**DATA SECTION:**
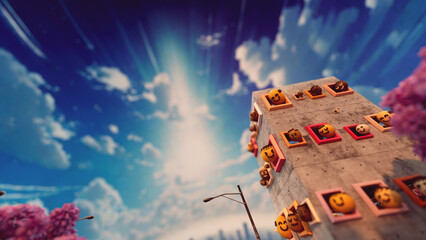 Colorful Windows, Diverse Souls &ndash; 3D Symbol of Tolerance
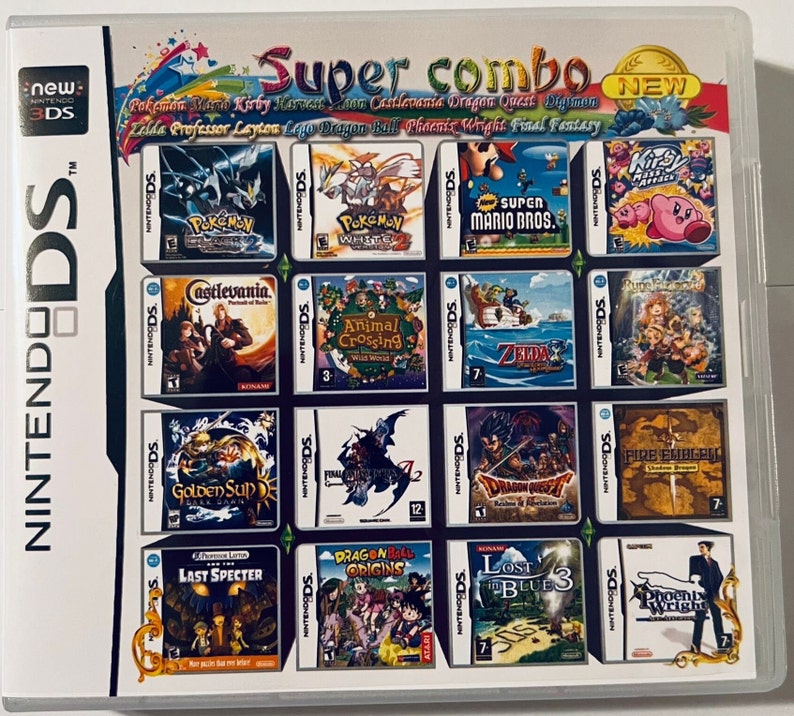 510 in 1 , All in 1 Game Cart Cartridge for NDS DS NDSL Ndsi 3DS 2DS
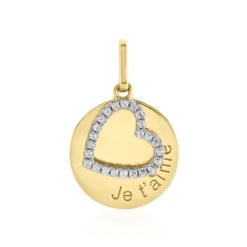 Pendentif Dezirinda Or Jaune Oxyde De Zirconium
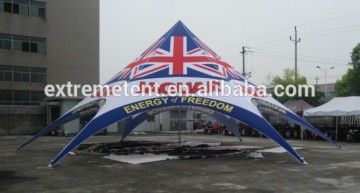 Outdoor Aluminum Star Tent, Star shade tent, star shape tent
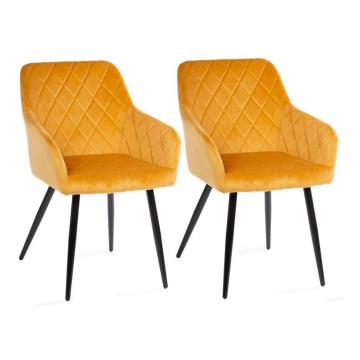 SET 2x Esszimmerstuhl RICO orange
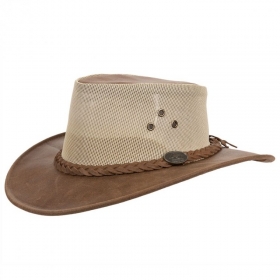 Cappello in pelle con tesa larga Scippis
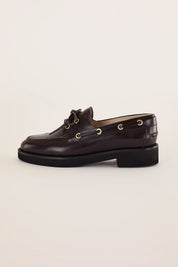Rubber-soled boat shoes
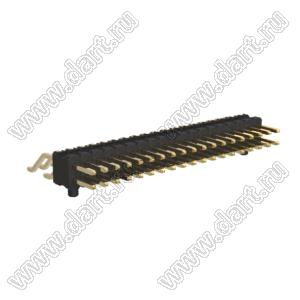 BL1425-12038Z-PG штыри двухрядные SMD горизонтальные с направляющими в плату; 38-конт.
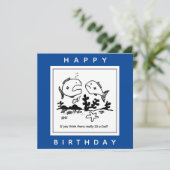 Vissen vragen zich af of er een God-cartoon is Kaart (Staand voorkant)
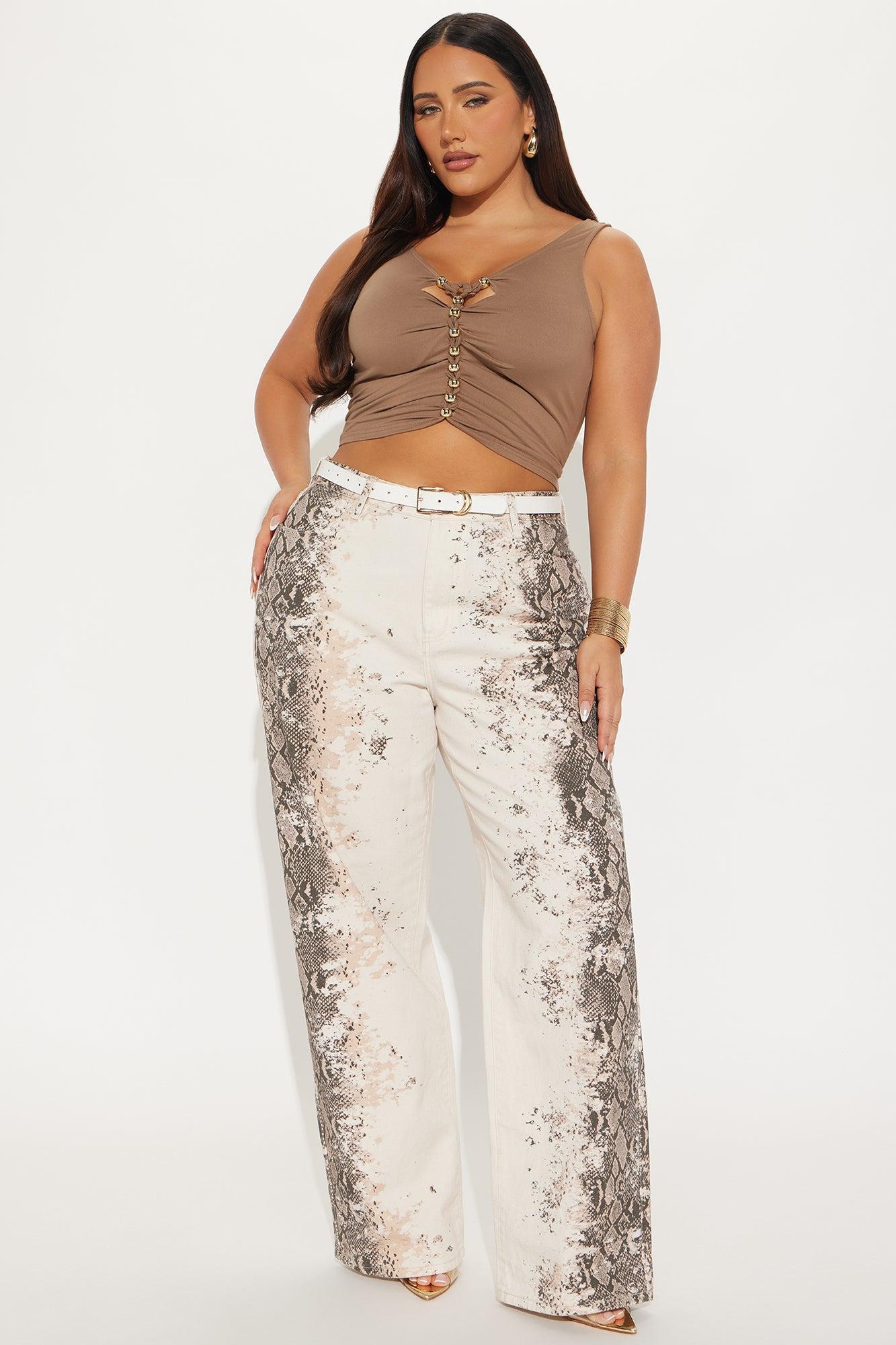 Hattie Cut Out Ruched Top - Taupe Product Image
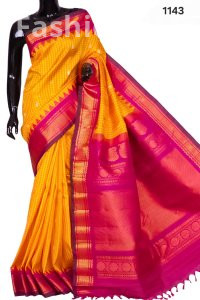 Handloom Gadwal Pure Silk Saree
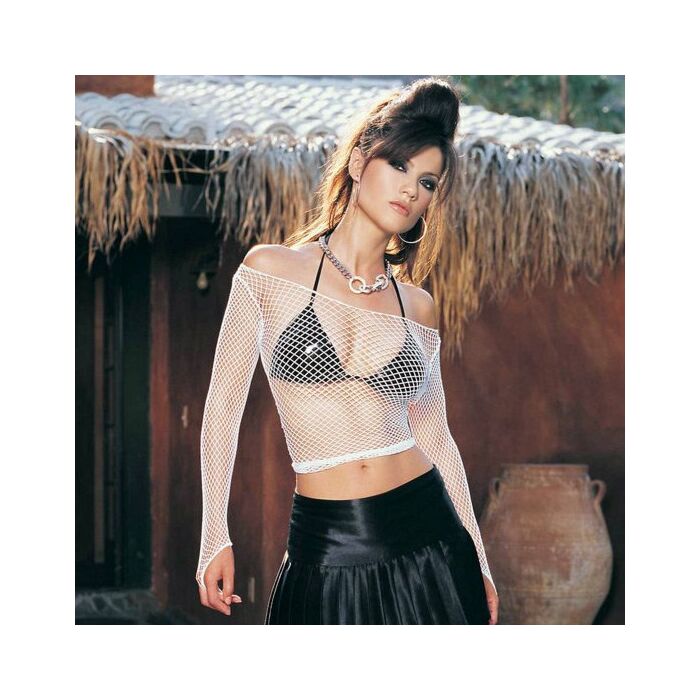 Leg avenue long sleeve shirt white industrial network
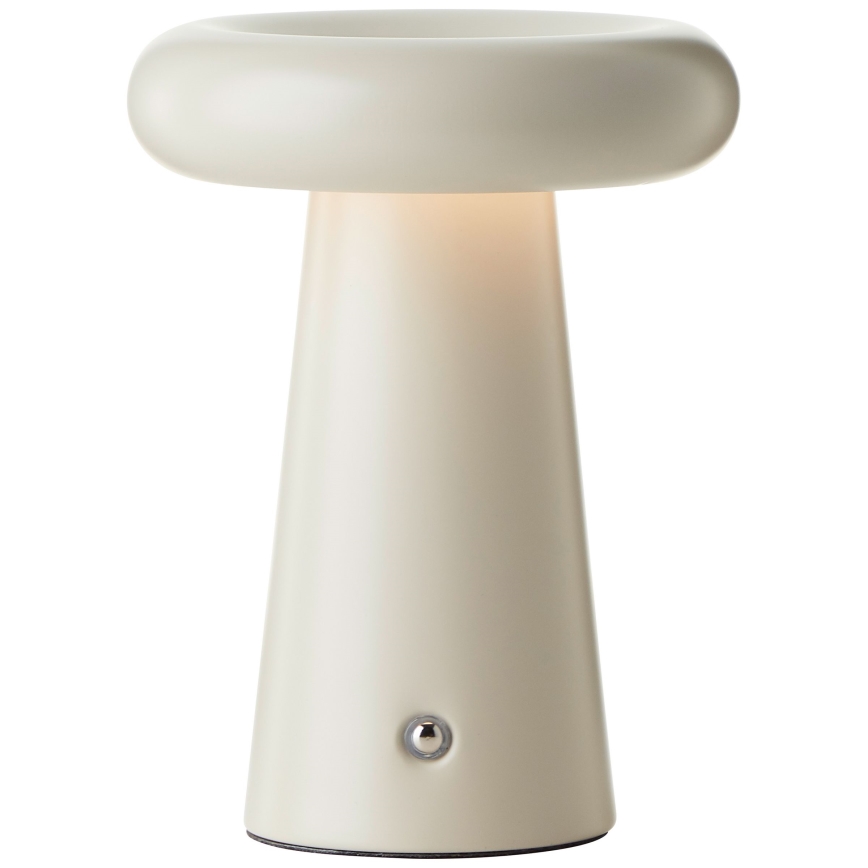 Brilliant - Lámpara de mesa regulable LED táctil MUFFIN LED/3W/5V USB IP44 color crema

**TASK INSTRUCTIONS:** Transcribe exactly the lines that run from the first line of the records above through the line with "Vissen vragen zich", and include both of those lines; pictures stay out.

**OUTPUT BELOW:**
 Colorful Windows, Diverse Souls &ndash; 3D Symbol of Tolerance
 510 in 1 , All in 1 Game Cart Cartridge for NDS DS NDSL Ndsi 3DS 2DS
 Pendentif Dezirinda Or Jaune Oxyde De Zirconium
 Outdoor Aluminum Star Tent, Star shade tent, star shape tent
 SET 2x Esszimmerstuhl RICO orange
 Cappello in pelle con tesa larga Scippis
Rubber-soled boat shoes
 BL1425-12038Z-PG штыри двухрядные SMD горизонтальные с направляющими в плату; 38-конт.
 Vissen vragen zich af of er een God-cartoon is Kaart (Staand voorkant)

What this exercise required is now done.